October 29th, 2013 at 4:04 PM ^
So I really didn't want to get into this again and don't want to continue what has started. Needless to say, there are different philosophies when looking at protecting players, giving them easier assignments (does this mean more likely to not lose consistently, or more likely to win?), utilizing methods that help you move the ball in big chunks because you aren't consistent, etc.
There is nothing binary about this. It's not 0 or 1. Running out of a formation the majority of the time doesn't mean every time. Running power doesn't mean you're utilizing you weakness when your weakness is apparent no matter what you run. I really don't want to go into depth with this again because I'm exhausted arguing my point of view. I'd really like to move past the game and onto future games. I am really sorry if you are genuinely asking because you haven't seen my responses or if you're just wondering my opinion or what have you, but it is something that has worn on me enough to not really wish to go in more depth now.

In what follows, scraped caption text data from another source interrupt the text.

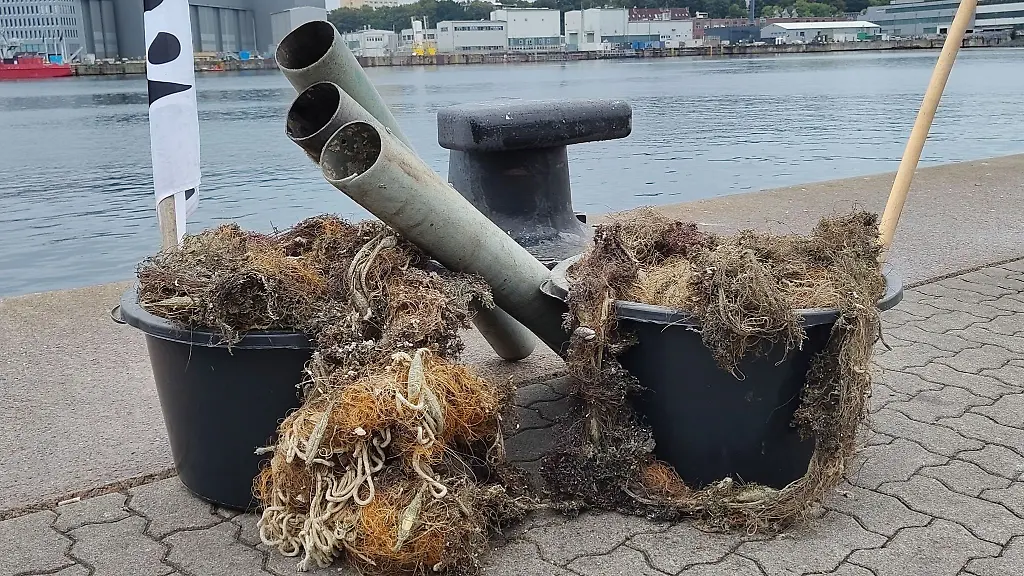 41-verloren-gegangene-Fischereigeraete-wurden-im-Rahmen-des-Pilotprojektes-geborgen-ein-Teil-wurde-an-der-Kieler-Foerde-praesentiert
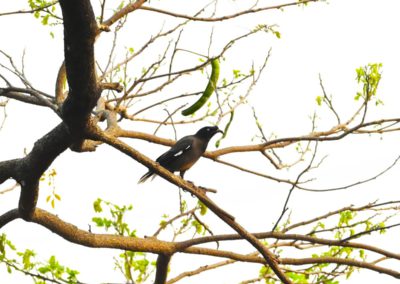 Campus Bird Count 2026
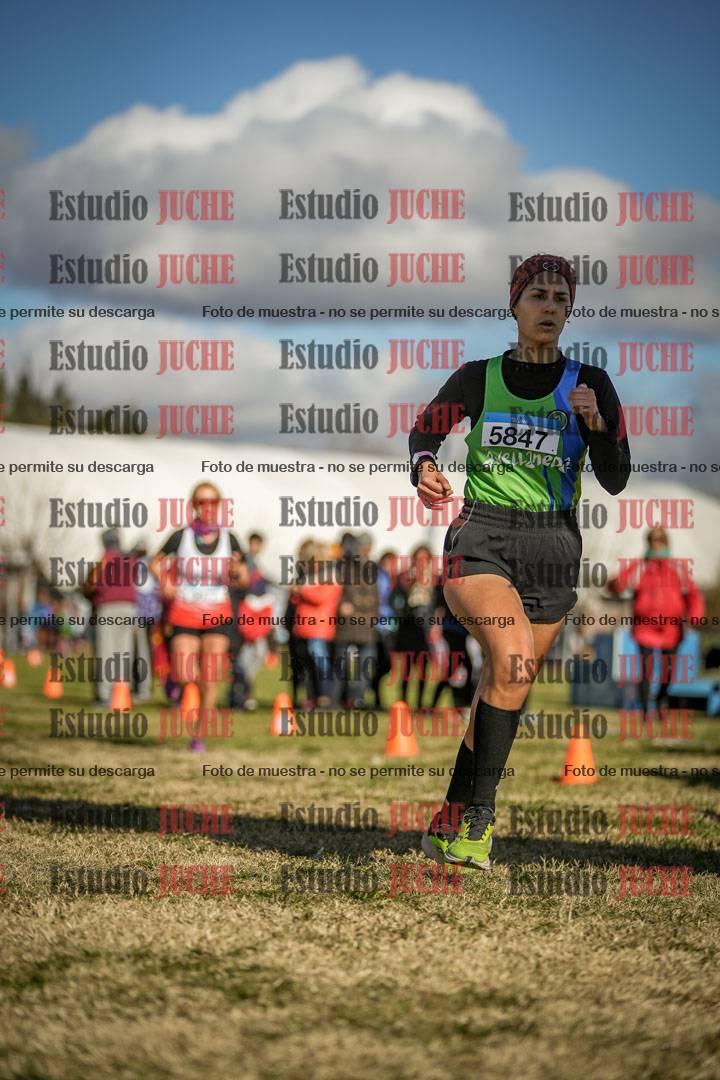 Fotos de las llegadas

October 29th, 2013 at 10:15 AM ^
October 29th, 2013 at 10:16 AM ^
Is the secondary really that young?
Gordon is a senior who is a multi year starter. Avery's a senior who's started and seen lots of playing time. Taylor and Countess might be young when it comes to class designation but they are both 2nd year starters.
Wilson is young and a first year starter and the 6th db they bring in is very youong but with their core nickel package, don't they have tons of experience?
October 29th, 2013 at 10:27 AM ^
There may be some seniors, but they are the only seniors. It's not like there is a variety of upperclassmen to choose from here.
October 29th, 2013 at 10:33 AM ^
October 29th, 2013 at 1:25 PM ^
"Experience checks in at different times for different people. Better coaches will help it come along sooner, having more experienced players around you will also help."
Can't one also make the argument that better coaches will recruit players who have less far to come and that the if the "distance" needed to be covered by a player is excessive - it is a failure of the coach in recruiting?